Gene I. Rochlin

Emeritus Professor

Gene I. Rochlin is Emeritus Professor in the Energy and Resources Group at the University of California, Berkeley. He received his Ph.D. in 1966 from the University of Chicago, in Physics, subsequently retraining in political science as an advanced post-doctoral scholar at MIT and Harvard in the mid-1970s. His research interests have included science, technology and society, cultural and cognitive studies of technical operations, the politics and policy of energy and environmental matters, and the broader cultural, organizational and social implications and consequences of technology – including large technical systems. He was a principle of the Berkeley High Reliability Project, a multidisciplinary team that has studied the organizational aspects of safety-critical technical systems. He has also done extensive work on the management, regulation and control of large, complex, high-technology organizations that perform socially critical functions such as nuclear power and air traffic control

He continues to work on the social construction of safety, and on resilience and adaptability in socio-technical systems as an independent scholar. This extends to studies that seek to apply methods, approaches, and theories from a broad spectrum of the humanities and social sciences to the emergent problems of an increasingly complex and multiply connected world—including military interventions and the detection and prevention of terrorism. His particular interest is in potential modes of failure in complex, sophisticated technologies and technical systems that can arise from intentional human action as well as from unintentional actions ranging from failures in interpretation and understanding to physical limitations on human performance.

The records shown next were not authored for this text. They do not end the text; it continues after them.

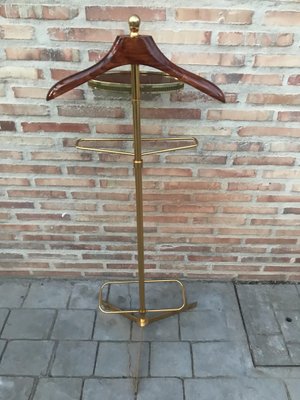 Italian Hollywood Regency Brass and Wood Valet Stand Dressboy, 1970s-NOU-742165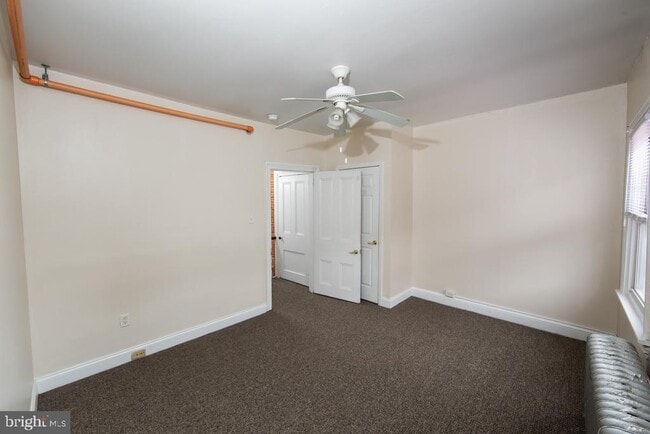 Building Photo - 202 E Gay St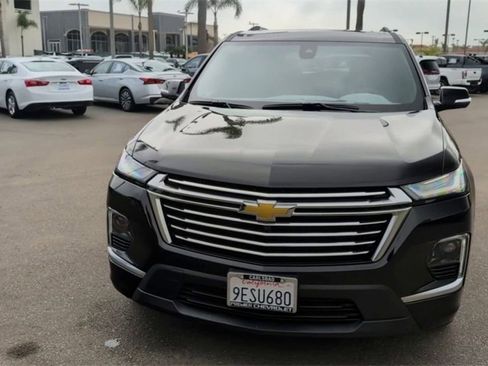 Used 2023 Chevrolet Traverse Premier image 3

Prof. Rochlin’s book Trapped in the Net: The Unanticipated Consequences o f Computerization (Princeton: 1997), which focused on the vulnerability of organizations and institutions in an earlier phase of global technical integration won the 1999 Don K. Price Award of the Science, Technology and Environmental Politics Section of the American Political Science Association. This organizational perspective continues to inform and delineate his work.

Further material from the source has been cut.